I have had the good fortune to know and be friends with every Chief Minister since Anguilla got its special status with Great Britain.

Looking at Anguilla today one is hard pressed to imagine how difficult life was in former times. I remember going with the ‘M.S.Antilia’ with Lt. Governor Japa Beaujon after hurricane Donna in 1960 to carry some relief supplies for the suffering population. We anchored in Sandy Ground and the Chief Warden came down to carry Mr. Beaujon to The Valley. The roads were so bad that  the Governors son Jan and I opted to stay and swim in Sandy Ground and then go back on board the steamer and play cards.

As time went by and with self-rule Anguilla moved forward in the economic sense. All of the islands have suffered a decline in local populations, an influx of ‘non-belongers’ as non-native people are referred to in Anguilla and an unprecedented increase in crime. I just learned a few days ago that Nevis had 32 murders in 2016 and the year is not finished yet. Nevis, I thought in disbelief? Nevis? So I called a friend and he confirmed it with: ‘Will where have you been?’ If the truth be known I try to keep myself occupied with pleasant thoughts and not necessarily murder rates in our once unspoiled islands, so this came as a total surprise to me.

anguilla-revolution But back to Anguilla, where thank God it has not reached the level of crime as some of the other islands.

In 1976 the Annals of Anguilla, first published in 1936 was republished. The foreword of the original book reads as follows:

“These brief notes were compiled by the writer while serving as Medical Officer and Magistrate on Anguilla (August 9th, 1918 – May 31st 1923).

During this time the inhabitants experienced four consecutive years of drought; great scarcity of food, so that young children showed signs of commencing famine oedema and night blindness affected older persons; a hurricane; and, most trying of all a quarantine period of several months due to the presence in their midst of over four hundred contacts and nineteen cases of small pox imported from the Dominican Republic..

Admiration for the sterling qualities displayed by all classes of the inhabitants, – qualities of honesty, courage and determination in the face of overwhelming odds, sincere loyalty to the British Throne, obedience to lawful authority and willingness to follow wise leadership, – has prompted this small tribute to a gallant and grateful people. ‘

S.B. Jones, Basseterre, St.
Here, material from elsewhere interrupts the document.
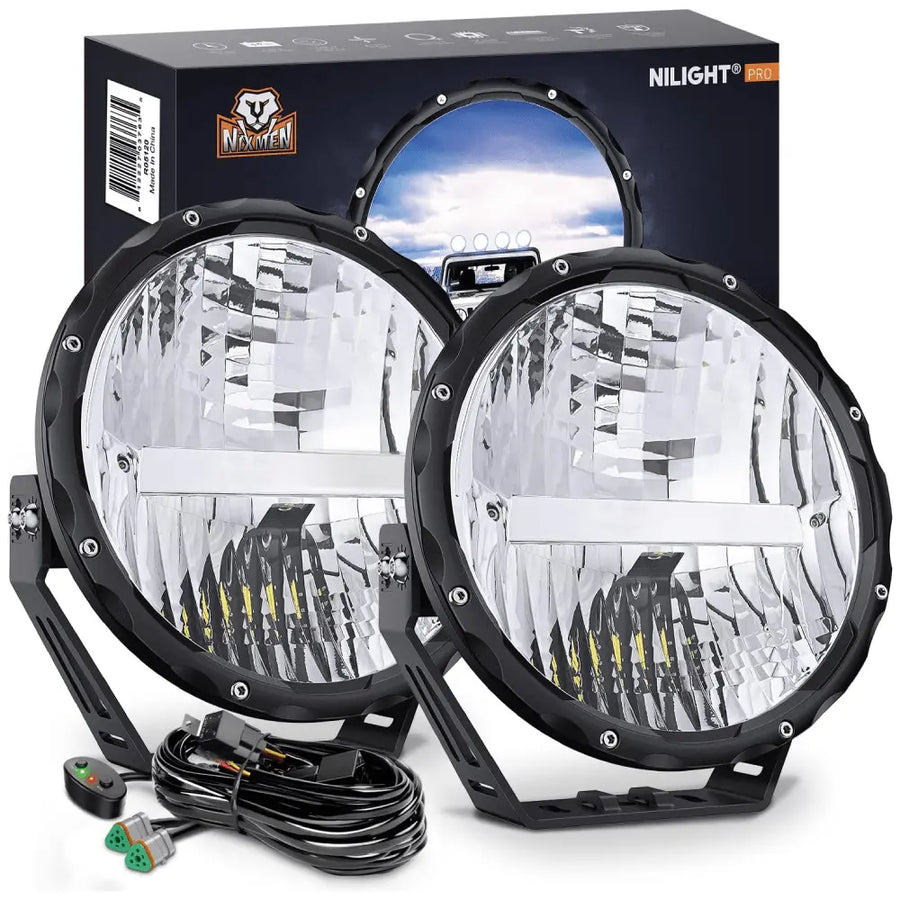 Nilight 9 Inch 120W 7000LM Round High Low Beam Built-in EMC LED Work Lights (Pair) | 14AWG DT Wire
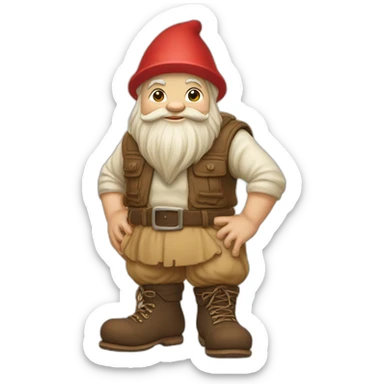 side view of gnome with light tan pants and light tan boots squatting in front of small brown log sticker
Kitts 1936.

For this article I will just quote a few small chapters and recommend that all lovers of the islands’ histories read this small booklet.

Chapter VI. Emigration.

Mariners all, the Anguillans in times of plenty had taken their surplus stock of peas, sheep, goats and cattle to the neighboring islands, and even to Trinidad. In times of scarcity emigration naturally followed the trade routes. Some went to Antigua, some to St. Kitts, some to Trinidad and some to the Spanish Main. For all that, the greater portion clung tenaciously to Anguilla, their home, their fatherland.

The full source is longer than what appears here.